Get ready to grovel for your next shipment of toilet paper. A recently published Amazon patent depicts a delivery drone capable of recognising and responding to human gestures and speech, which means you may want to practice the art of supplication to ensure proper delivery of that two-ply to your front porch.
The patent, filed in July 2016 and published on Tuesday by the US Patent Office, features an illustration of a drone, a home, and a man stupidly flailing his arms. The distressed character is accompanied by a blank speech bubble, presumably containing the phrase necessary to appease the drone and receive his package undamaged. There's also an illustration of a drone featuring an array of potential sensors like speakers, microphones, cameras, laser projectors, and other devices intended for communication.
Amazon's patent suggests a future where its delivery drones, after launching from a delivery truck, would navigate to your home using visual cues, voice commands, and gestures from humans to establish and maintain its flight path. Humans could wave the drone away, tell it to deliver something next door, or perhaps instruct it to leave before you shoot it out of the sky. It could also potentially verify the identity of the delivery recipient via an app, speech recognition, or a remote operator communicating with the recipient.
The described delivery drone could also remember its interactions with humans during deliveries, and potentially add new gestures to its database and improve its gesture-recognition accuracy. From the patent: "In some examples, when in the learning context, a human operator may interact with the UAV in order to 'teach' the UAV how to react given certain gestures, circumstances, and the like." Granted, the instruction of a delivery drone may just occur in an Amazon-owned facility, but still, that's kinda creepy, conceptually.
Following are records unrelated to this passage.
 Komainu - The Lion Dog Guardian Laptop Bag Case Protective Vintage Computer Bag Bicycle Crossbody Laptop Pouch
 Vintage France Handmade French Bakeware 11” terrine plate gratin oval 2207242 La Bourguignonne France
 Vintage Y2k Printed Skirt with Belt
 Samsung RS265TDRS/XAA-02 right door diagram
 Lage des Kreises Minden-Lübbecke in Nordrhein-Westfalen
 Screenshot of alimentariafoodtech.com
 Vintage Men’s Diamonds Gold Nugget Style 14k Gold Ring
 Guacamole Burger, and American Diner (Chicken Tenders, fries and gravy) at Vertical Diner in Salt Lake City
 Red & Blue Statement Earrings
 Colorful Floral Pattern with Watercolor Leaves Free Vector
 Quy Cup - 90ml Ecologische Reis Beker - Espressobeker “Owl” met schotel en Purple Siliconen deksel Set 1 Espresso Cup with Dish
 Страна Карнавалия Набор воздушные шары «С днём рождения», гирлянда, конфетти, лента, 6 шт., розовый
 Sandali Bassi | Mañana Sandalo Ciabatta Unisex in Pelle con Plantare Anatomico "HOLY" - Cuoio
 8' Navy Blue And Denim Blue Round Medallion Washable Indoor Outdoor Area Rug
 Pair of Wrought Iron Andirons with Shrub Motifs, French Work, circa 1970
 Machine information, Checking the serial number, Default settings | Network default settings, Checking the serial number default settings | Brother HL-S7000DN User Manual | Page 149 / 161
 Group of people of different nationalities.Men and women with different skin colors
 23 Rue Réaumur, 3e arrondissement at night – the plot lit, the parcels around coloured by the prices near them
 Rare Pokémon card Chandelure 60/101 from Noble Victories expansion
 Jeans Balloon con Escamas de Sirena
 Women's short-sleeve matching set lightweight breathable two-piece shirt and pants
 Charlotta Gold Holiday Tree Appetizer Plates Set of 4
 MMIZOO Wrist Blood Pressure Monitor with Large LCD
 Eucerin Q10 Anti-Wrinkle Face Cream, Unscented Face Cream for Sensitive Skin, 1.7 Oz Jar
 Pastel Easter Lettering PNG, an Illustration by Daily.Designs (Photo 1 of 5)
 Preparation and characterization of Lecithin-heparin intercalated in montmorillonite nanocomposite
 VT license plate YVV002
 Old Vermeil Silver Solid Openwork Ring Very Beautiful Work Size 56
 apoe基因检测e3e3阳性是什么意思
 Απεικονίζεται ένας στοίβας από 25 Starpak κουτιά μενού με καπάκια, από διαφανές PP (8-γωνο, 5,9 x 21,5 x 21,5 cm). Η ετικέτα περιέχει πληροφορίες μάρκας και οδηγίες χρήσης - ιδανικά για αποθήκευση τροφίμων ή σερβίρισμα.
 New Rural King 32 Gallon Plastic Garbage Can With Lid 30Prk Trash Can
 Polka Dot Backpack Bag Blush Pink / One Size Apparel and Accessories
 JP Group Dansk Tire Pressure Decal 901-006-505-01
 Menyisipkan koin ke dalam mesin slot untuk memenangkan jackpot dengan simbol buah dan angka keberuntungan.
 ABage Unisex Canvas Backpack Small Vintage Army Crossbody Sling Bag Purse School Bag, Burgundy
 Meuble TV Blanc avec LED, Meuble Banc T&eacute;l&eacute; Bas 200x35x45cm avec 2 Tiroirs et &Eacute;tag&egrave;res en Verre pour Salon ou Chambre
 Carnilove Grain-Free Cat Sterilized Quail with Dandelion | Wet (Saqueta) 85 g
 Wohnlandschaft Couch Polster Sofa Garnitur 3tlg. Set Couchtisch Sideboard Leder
Companies often file patents for products and features that never see the light of day. Amazon, however, is actually testing delivery via drone, and has filed drone-related patents ranging from self-destructing unmanned vehicles to blimps filled to the brim with the flying machines.
Also, does this mean Amazon's future drones could recognise when I give them the finger? Sorry, Jeff.
We've reached out to Amazon for comment.